India will have two operational aircraft carriers after the commissioning of Vikrant, which would improve the country’s maritime security.

What does it do?

An aircraft carrier is a warship with a large flat deck where fighter planes can take off and land. It functions as an airfield at sea. The flagship frequently commands a battle group and is protected from attacks by destroyers, frigates and submarines.

Strategic importance

The commission is also important internationally as it allows India to project its power abroad and adds India’s name to a relatively small club of countries with the capacity to produce such high-end aircraft.

The warship will be a crucial part of the Indian Navy’s effort to position itself as a ‘blue water’ force after its induction, one capable of projecting its influence across distant seas.
This is particularly crucial given China’s carrier-focused navy, which has already enlisted two warships, and India’s efforts to serve as a net security provider in the Indian Ocean region.

About the warship

Over 76% of the equipment and materials on board the carrier are indigenous, including 21,500 tons of special grade steel which was locally created and first used in Indian Navy vessels.
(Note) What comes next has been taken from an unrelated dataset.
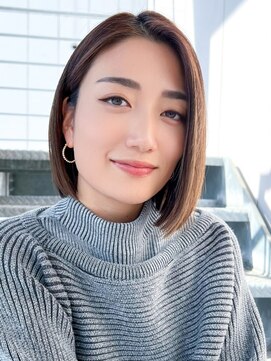 ウィズ 柏店(Wiz) 耳掛け大人ボブスタイル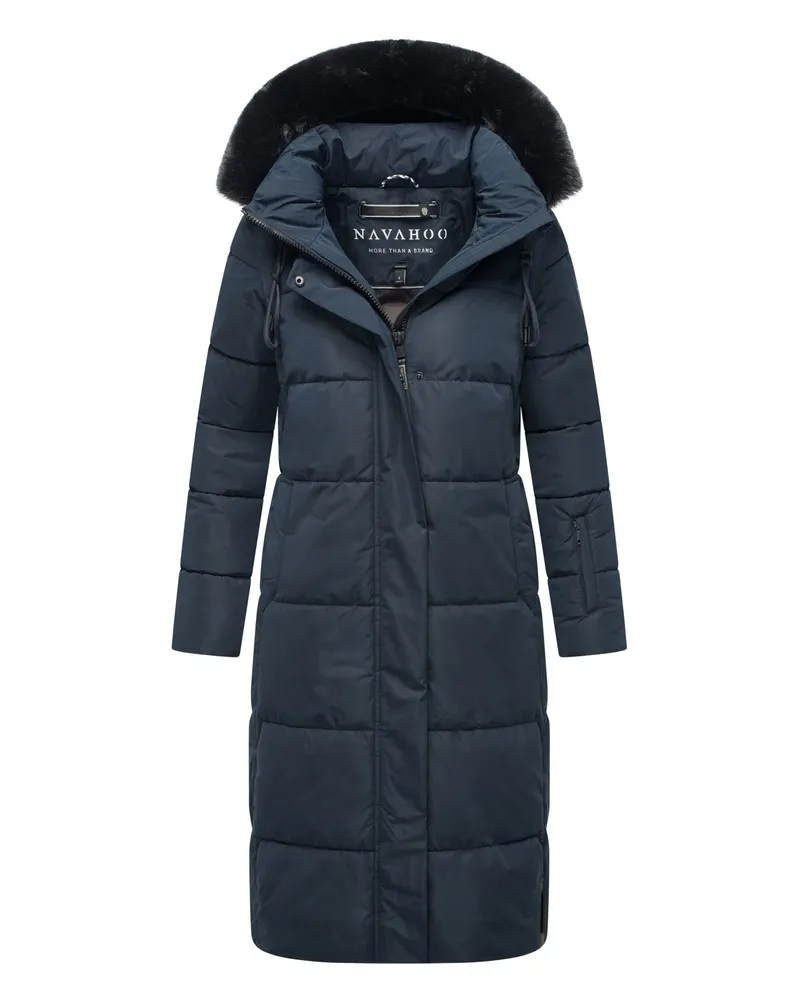 NAVAHOO Blitzliebe Damen Winter Steppjacke – warm & elegant Blau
It can accommodate 20 aircraft in its hangar. The ship has 14 decks, more than 2,300 compartments, including a single cabin for female officers, and can accommodate 1,700 people. It has a range of around 7,500 nautical miles, a top speed of around 28 knots (over 50 km/h) and a cruising speed of 18 knots.

According to an Indian Navy officer, the ship used steel equivalent to three Eifel towers.

It is capable of operating “an assortment of fixed-wing and rotary-wing aircraft” according to the Indian Navy. It will accommodate Kamov-31 early warning helicopters, MiG-29k fighters, native ALH (Advanced Light Helicopters), MH-60 R multirole helicopter.

India’s first aircraft carrier, INS Vikrant, was purchased from the UK in 1961 and now India’s first native aircraft carrier will bear its name and vindicate its heritage and more. The original Vikrant was decommissioned in 1997.